Dataset section:
* * * * * * *

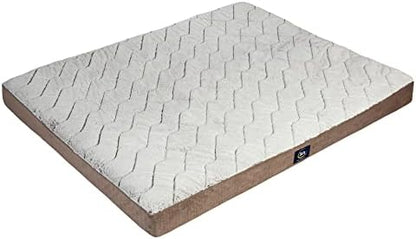 Serta Orthopedic Quilted Pillow Top Dog Bed for Pets – Chocolate Brown (X-Large)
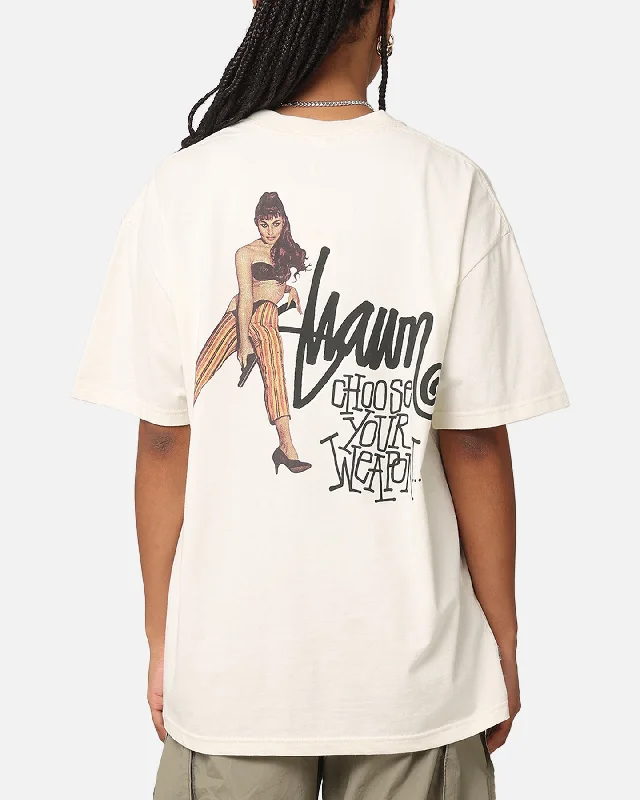 S Double Choose Your Weapon T-Shirt Washed White Elasticated Padded Insulated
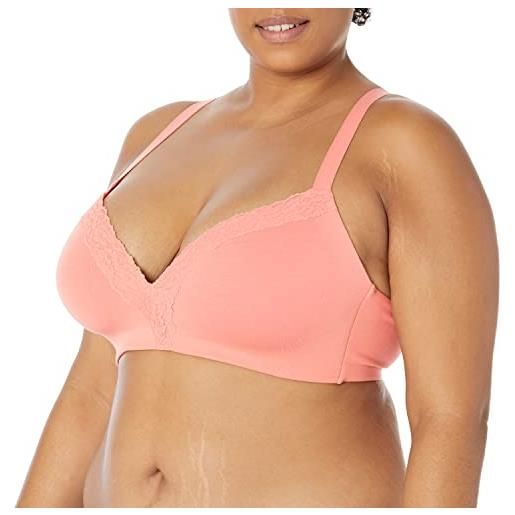 Amazon Essentials reggiseno in cotone e pizzo leggermente foderato senza ferretto donna, rosa salmone, 2a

* * * * * * *

Instructions to follow: Transcribe the listing above in full and exactly; no pictures belong in the copy.

Exercise solution:
 Serta Orthopedic Quilted Pillow Top Dog Bed for Pets – Chocolate Brown (X-Large)
 S Double Choose Your Weapon T-Shirt Washed White Elasticated Padded Insulated
 Amazon Essentials reggiseno in cotone e pizzo leggermente foderato senza ferretto donna, rosa salmone, 2a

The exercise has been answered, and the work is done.